1. Preheat the oven to 180C.
2.  Trim the liver and cut into cubes. Put into a food processor with the onion and garlic and process till finely minced.
3. Add the sausage meat, egg, parsley salt and pepper.
4. Oil a loaf tin and line the base with three of the bacon rashers. Fill with the pate and cover with the other rashers. Seal with buttered greaseproof paper and foil.
5. Stand in a baking tin filled with enough hot water to come ½ way up sides of the tin. Cook in centre of the oven for 1.5 hours. Cover with fresh buttered paper, place a weight on top and leave overnight.

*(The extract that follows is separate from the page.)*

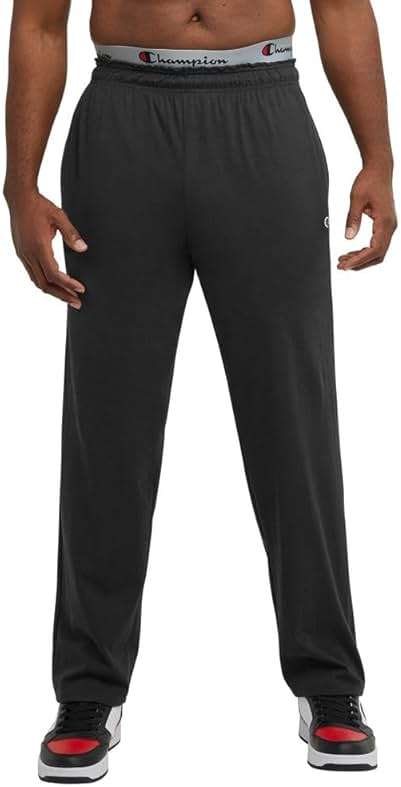 Champion Men's Open-Bottom Lounge Pants, Standard Fit, Lightweight, Available in Regular and Big & Tall - Image 5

                                  Pastry

2 1/2  cups  flour
2 tsp              baking powder
250 g            butter
1/2 cup        milk
1 tsp              cider vinegar

1. Put the dry ingredients in the food processor and combine briefly.
2. Add the cubed butter and pulse till the butter is cut into small pieces.
3. Add the vinegar to the milk then pour most of it into the food processor whilst pushing the pulse button. Add the rest of the milk if needed.
4. Turn onto the bench and press together then cover and leave to rest in the fridge.

Beef Wellington

                                      Individual Beef Wellingtons

   6                    schnitzels
   6      slices        pate
   Pastry

1. Preheat the oven to 200C
2. Use a steak hammer to pound the schnitzels.
3. Place a slice of pate on each schnitzel and fold the schnitzel over it to make a parcel.
4. Roll out half of the pastry until it is a rectangle as long as 3 1/2 of the schnitzel parcels and as wide as 2 1/2 of the parcels. Place 3 of the parcels equidistant  along the long edge of the pastry but about 1/2  cm in from the edge. Brush the pastry around each parcel with water.
5. Fold the pastry in half to enclose the parcels. Press the pastry together around each parcel and then cut the parcels apart.
6. Repeat with the rest of the dough and schnitzel parcels. Brush the parcels with beaten egg and bake for 10 minutes at 200C then 15 minutes at 180C.